2:45 p.m. — I go through all of my campaign check-ins early today so that Mel and I can be present at dinnertime and listen to the kids. There is so much to do. We have less than four weeks left until June 23.
4:15 p.m. — I’m watching the news again. The kids have so many questions.
5:32 p.m. — We start reviewing the framework that Mel has drafted for his Medium piece. I am always floored by how righteous and detailed he is on policy. It’s the constant reminder as to why this is worth it.
6:45 p.m. — Family dinner.
7:30 p.m. — Quick midweek campaign-team check-in. We discuss upcoming protests and the risk of contracting COVID. Ways to be there for the community. Ways to do it without being self-serving. Ways we want to push the needle forward on legislation that would end mass incarceration, the surveillance state, and create accountability. We also discuss how this overlaps with militarism.

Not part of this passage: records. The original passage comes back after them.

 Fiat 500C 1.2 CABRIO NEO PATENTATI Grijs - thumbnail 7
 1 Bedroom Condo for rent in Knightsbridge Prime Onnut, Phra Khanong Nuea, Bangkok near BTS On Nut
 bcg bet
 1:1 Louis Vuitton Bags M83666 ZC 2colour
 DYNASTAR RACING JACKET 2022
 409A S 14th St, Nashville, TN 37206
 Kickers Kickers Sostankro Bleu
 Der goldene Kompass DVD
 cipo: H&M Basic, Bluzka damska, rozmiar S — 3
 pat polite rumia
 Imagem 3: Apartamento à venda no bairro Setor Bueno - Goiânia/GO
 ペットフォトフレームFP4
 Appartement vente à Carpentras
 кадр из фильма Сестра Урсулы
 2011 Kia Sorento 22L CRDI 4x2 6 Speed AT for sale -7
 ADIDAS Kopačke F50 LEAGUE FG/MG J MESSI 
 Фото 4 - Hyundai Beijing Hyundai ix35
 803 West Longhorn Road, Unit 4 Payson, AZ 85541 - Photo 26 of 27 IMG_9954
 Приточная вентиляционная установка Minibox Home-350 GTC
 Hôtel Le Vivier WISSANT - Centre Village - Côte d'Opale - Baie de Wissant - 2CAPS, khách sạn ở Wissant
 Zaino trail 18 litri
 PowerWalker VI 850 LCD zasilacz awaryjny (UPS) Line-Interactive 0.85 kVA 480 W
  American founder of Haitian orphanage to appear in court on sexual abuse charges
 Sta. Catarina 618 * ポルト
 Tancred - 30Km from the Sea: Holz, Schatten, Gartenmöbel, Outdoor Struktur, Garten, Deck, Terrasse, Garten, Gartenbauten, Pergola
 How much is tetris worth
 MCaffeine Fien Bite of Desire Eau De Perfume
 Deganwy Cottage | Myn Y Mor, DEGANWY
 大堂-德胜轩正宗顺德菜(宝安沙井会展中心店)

8:27 p.m. — Try to catch up on the work emails I missed on my “day off.” Think about philanthropy. I know so many people at foundations who are doing wonderful work. I also wish more of them were funding advocacy and frontline groups right now. I wish more of them committed funds to Black-led organizations and movements, and trusted them to do the work without oversight. The endowments of many foundations are not separate from the suffering endured to build wealth in our society. Foundations often ask nonprofits to prove that they are on the path to equity, without acknowledging the irony of holding wealth in an endowment and what that means. This is a topic that keeps me up at night.
9:30 p.m. — Hang out with my kids in their room before they go to bed. Think about how lucky I am that they still like to chill and chat with me.
10 p.m. — Put the kids to bed.
10:15 p.m. — Long talk with Mel. The pain folks are experiencing and the injustice folks endure at once gut him and keep him fighting for justice. I will keep fighting with him.
11:40 p.m. — Fall asleep on the couch together.